Мой отец родился слепым. Он стоит.
Исправление: Мой отец родился слепым, вместо глаз у него две жуткие впадины. Он стоит на углу, играя на скрипке «Интернационал» — отвратительно и занудно, со сладкими всхлипами, нежно, протяжно, как будто вальс.
Однажды, после того как он отбил мою мать у законного мужа и они вероломно прикончили кроткого несуразного бедолагу, мой отец поутру с изумлением оглянулся окрест и с испуганным ликованием обнаружил, что все-все вокруг отныне принадлежит ему. Кто бы подумал, что несметное состояние того человека столь внезапно окажется у его ног? О Фортуна, как возблагодарить тебя за благодеяние, что в сей день ты доставила моему отцу столько радости и блаженства, ибо, и правда, теперь обладает он всем Задунайским краем, вкупе с супругою доброго того господина, и вельможи великие, князья и цари всемогущие прислушиваются к его слову. И крепостей неприступных, и городов богатых отныне у моего отца не счесть; словом, все, чего пожелает душа. И угодий охотничьих, и сокровищ несметных — всего в изобилии, и платить не пришлось за это ни мечом, ни потом, ни кровью, ни праведными трудами. Как пришло невзначай, так пускай и уходит. Живи, пока жив, — таков был его девиз. И мой отец объявил по всем городам и весям, что решил завести себе новый двор. Первым делом несчетно должно быть при нем лютнистов, свирельщиков, скрипачей, трубачей, барабанщиков, дабы все ликовали и веселились, плясали и пели на радость очам его. Все решил обновить мой отец, планы строил великие — как себя показать, чем господ одарить, каким дивом их подивить. Все дворцы свои вызолотил, дорогими коврами, парчою покрыл покои; хотел мой отец, чтобы его боялись и почитали наравне с самим королем.
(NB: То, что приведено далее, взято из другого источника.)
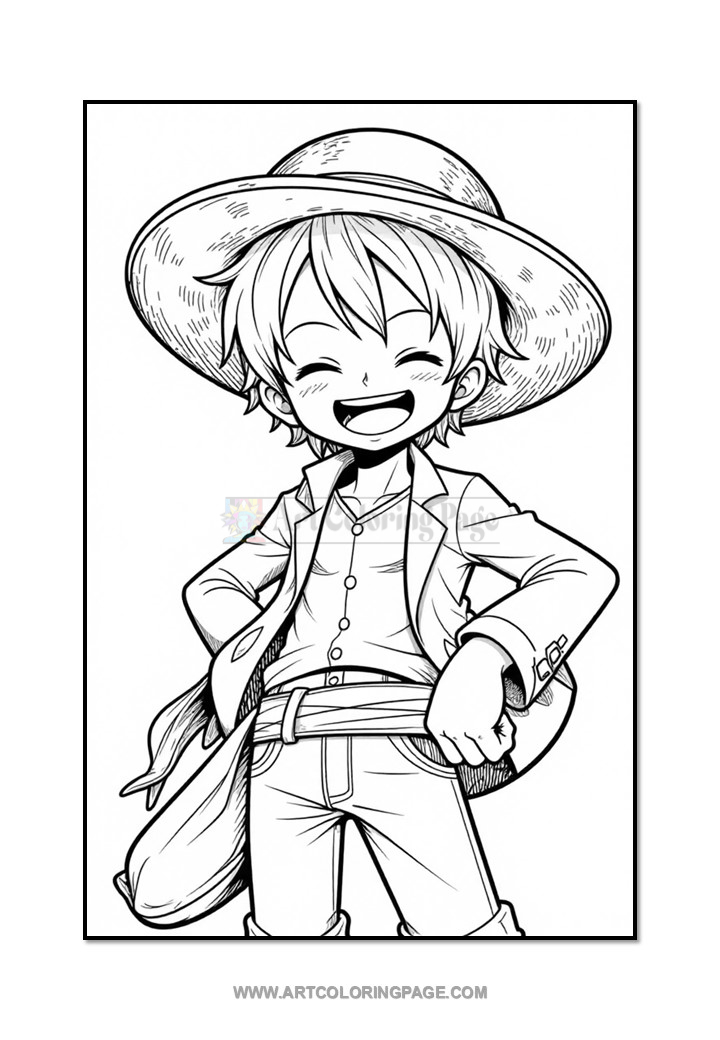 A cheerful cartoon character with short hair, wearing a large straw hat and a jacket, standing confidently with a hand on their hip and a big smile. The illustration is in black and white, suitable for coloring.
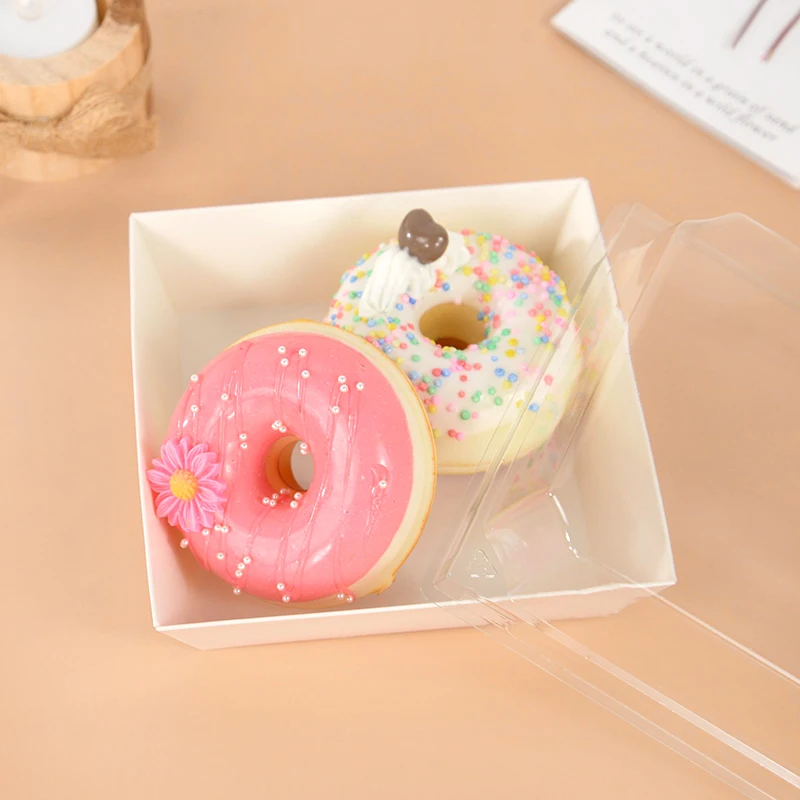 5/10PCS Kraft Paper Cake Dessert Boxes with Clear Window, Bakery Packaging for Donuts, Cookies, Sandwiches, Pastries, Food Containers for Wedding, Birthday, Baby Shower, Christmas, Holiday Parties and Home Decoration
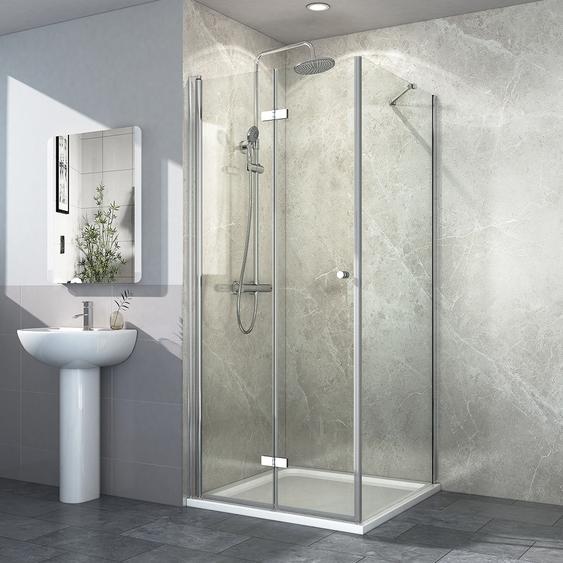 Cabine de douche EMKE 75 x 90 x 185 cm, entrée dangle, paroi de douche à porte battante et porte pliante, paroi de douche en verre rabattable, porte de douche en verre de sécurité trempé de 6 mm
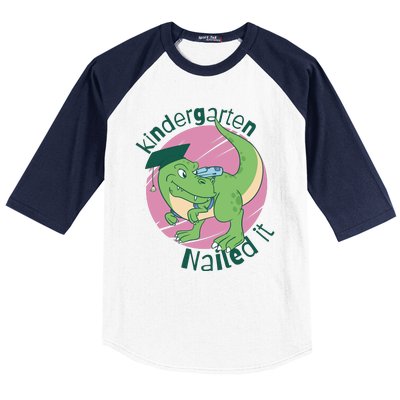 Kindergarten Nailed It Graduation Dinosaur Baseball Sleeve Shirt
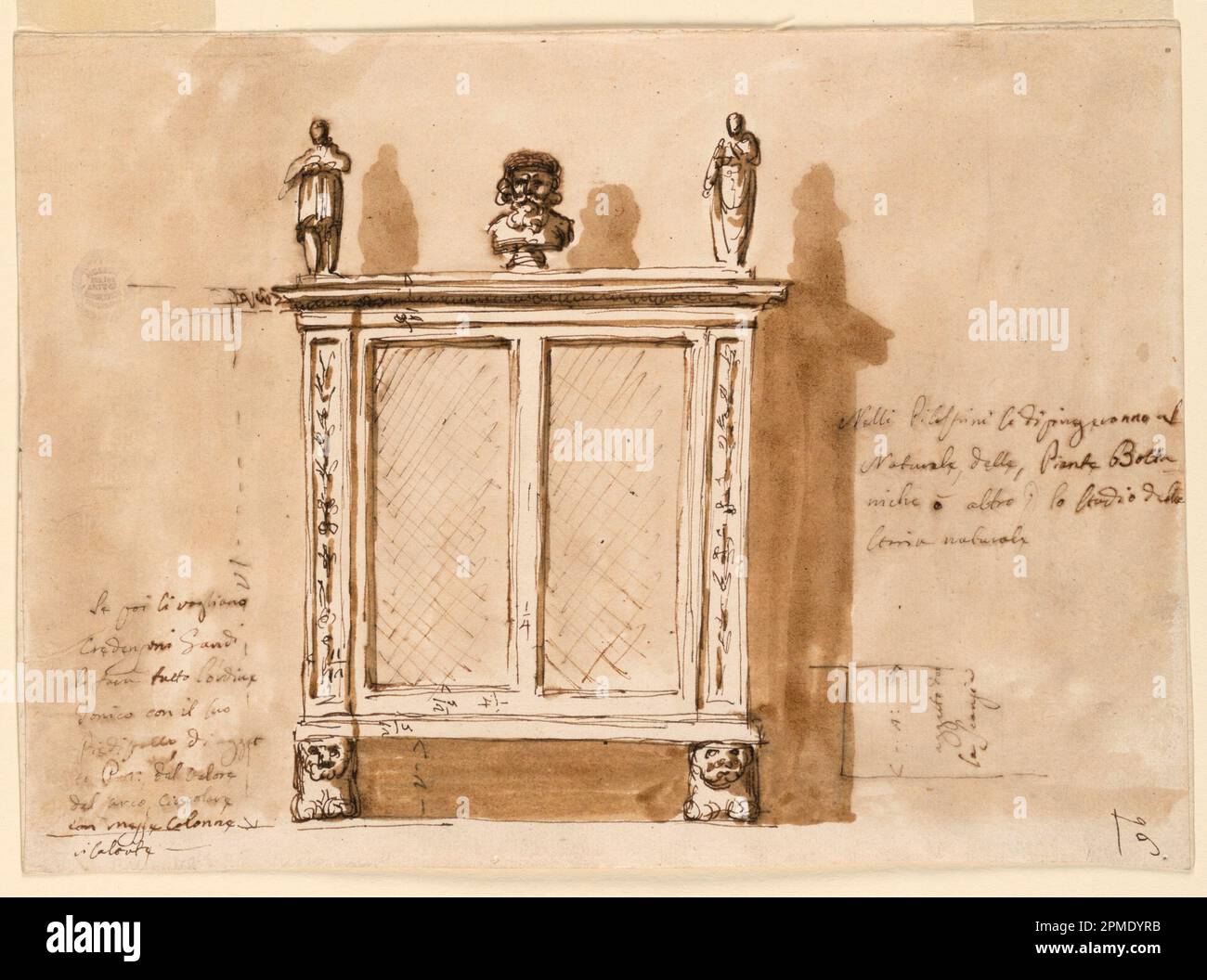 Dessin, Cupboard; architecte: Giuseppe Barberi (italien, 1746–1809); Italie; stylo et encre brune, pinceau et lavage brun sur papier blanc cassé, doublé; image: 19,8 x 27,6 cm (7 13/16 x 10 7/8 po.) Banque D'Images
Раз уж тот человек не сумел жить как надо, так сумею я!
Однажды утром, когда отец, пошатываясь, вышел из кухни в полуобморочном состоянии от чудовищного завала немытой посуды, а особенно от вида серебряного, впрочем, скорей мельхиорового подноса с припаянными к нему пятнами яичного желтка, и когда, войдя в ванную, он не обнаружил на месте свою зубную щетку, стакан для полоскания, бритву и унитаз, когда не нашел в зеркале своего лица, а добравшись до комнаты, увидел мятую постель, а в ней свернувшуюся котенком женщину с желтыми волосами, — вот тогда он подошел к своему письменному столу, слегка на него навалился, одновременно держась за него, и, твердо посмотрев своему сыну в глаза (на карточке взгляд сына суров и губы выпячены), сказал: Ты зарвался, вождь краснокожих.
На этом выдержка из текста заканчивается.